A fuller formulation of a threat-scoring framework along these lines may also be a topic for future research, but it is instructive to test an initial prototype version based on the characteristics (high-risk IP addresses, hosting providers and registrars[18]) discussed in this study. For this analysis, we consider a sample set of arbitrary domain names registered on a particular day, based on zone-file analysis[19].

For this dataset of around 11,000 domain names, whois look-ups were run to determine the host IP address, the associated hosting provider and the registrar in each case. For each of these three characteristics, a threat-score component (nominally between 0 and 100) was calculated (based on comparison with the datasets outlined in this study, pertaining to the frequency of each of these characteristics with infringing content) for each domain in question. Details of the methodology are given in Appendix A. 

These components were then aggregated together to yield an overall potential threat score for the domain; the simplest implementation of the threat score is that given by simply adding the three components together. In this case, this yields 398 jointly top-scored domains, all with a score of 171, all of which are hosted on an IP address which is explicitly blacklisted (score component = 100), with the dominant remaining component of the score being a contribution of 70, caused by the fact that the sites in question are hosted with Amazon Technologies Inc., which appears extensively in the IP address blacklist.
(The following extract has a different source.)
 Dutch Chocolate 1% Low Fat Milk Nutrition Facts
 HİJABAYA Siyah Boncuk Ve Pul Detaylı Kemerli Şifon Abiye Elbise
However, the score for this provider is probably artificially rather too high, appearing as an artefact of the fact that Amazon is a very popular hosting provider generally, and highlighting the requirement for some kind of normalisation according to the total number of websites / IP addresses under management. 

The use of a high-threat registrar (according to the Spamhaus list) is probably a better indication of potential infringing activity than either of the other two domain characteristics being considered, so it may be appropriate to increase (by some factor) the weight of the contribution of the registrar score to the overall threat score. In so doing, we gain (apparently) a much more meaningful assessment of the level of potential threat posed by the domains, as verified in many cases by an inspection of site content (where present), or a simple analysis of the types of keywords present in the domain names (suggesting that, even where no live site is yet present, several of the most highly-scored names are likely to have been registered for use in conjunction with the types of content which are frequently of concern, making them worthy of future monitoring). The most highly-scored domain registrations by this weighted threat score are shown in Table 6 (noting that some of these may, of course, actually be legitimate).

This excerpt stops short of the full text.